Ou seja, um prejuízo bilionário do qual agora ninguém quer ser o pai (ou a mãe). Dilma, confrontada com sua aprovação ao negócio em 2006, usou a tática já empregada por seu mestre, Lula, a do “eu não sabia”. Em nota, Dilma alegou que baseou sua decisão em um resumo executivo “técnica e juridicamente falho”, elaborado pelo diretor da área internacional da Petrobras, Nestor Cerveró (que acabou de embarcar para uma viagem de férias no exterior), e que teria omitido tanto a cláusula “put option”, a que obrigava a compra da totalidade das ações em caso de desavença entre os sócios, quanto a cláusula “marlin”, que garantia à Astra um lucro de 6,9% ao ano independentemente do desempenho da refinaria. Segundo Dilma, só em 2008 o Conselho de Administração soube das cláusulas – se elas fossem conhecidas já em 2006, a Petrobras nunca teria fechado o negócio, argumenta a presidente.

Os executivos da Petrobras contra-atacaram: dois deles deixaram claro à Folha de S.Paulo que todos os membros do Conselho de Administração tinham acesso total e irrestrito à documentação completa sobre Pasadena. Ou seja, se eles não sabiam de tudo, tinham como saber. A afirmação coloca Dilma e os demais conselheiros em uma grande saia-justa. O empresário Jorge Gerdau, que também fazia parte do conselho, deu entrevista confirmando a versão de Dilma; o ex-presidente da Petrobras Gabrielli disse ao Jornal Nacional, na quinta-feira, que cláusulas “put option” são comuns em contratos como o de Pasadena.

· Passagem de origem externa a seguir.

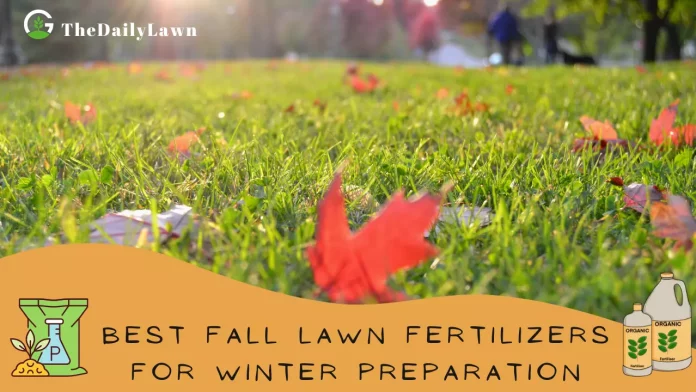Best_Fall_Lawn_Fertilizers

Na menos pior das hipóteses, estamos diante de um caso de negligência que teve um custo bilionário para a Petrobras: um relatório mal-feito, que omitia fatos importantes, e conselheiros com o desconfiômetro desligado, que deram seu aval a uma transação sem se interessar por seus detalhes. No pior cenário – o de que Dilma e os conselheiros sabiam de tudo e mesmo assim aprovaram a compra –, somar-se-ia à irresponsabilidade pura do Conselho o fato de Dilma ter mentido ao dizer, em nota, que não sabia de nada (se quiser seguir Lula à risca, as próximas etapas de Dilma seriam afirmar que foi traída e, por fim, que a refinaria não existe). A negociação merece todas as investigações que estão sendo realizadas – Polícia Federal, Ministério Público e Tribunal de Contas da União estão no caso. Que tudo seja posto em pratos limpos, mostrando como o aparelhamento político da Petrobras está aos poucos destruindo a maior empresa do país.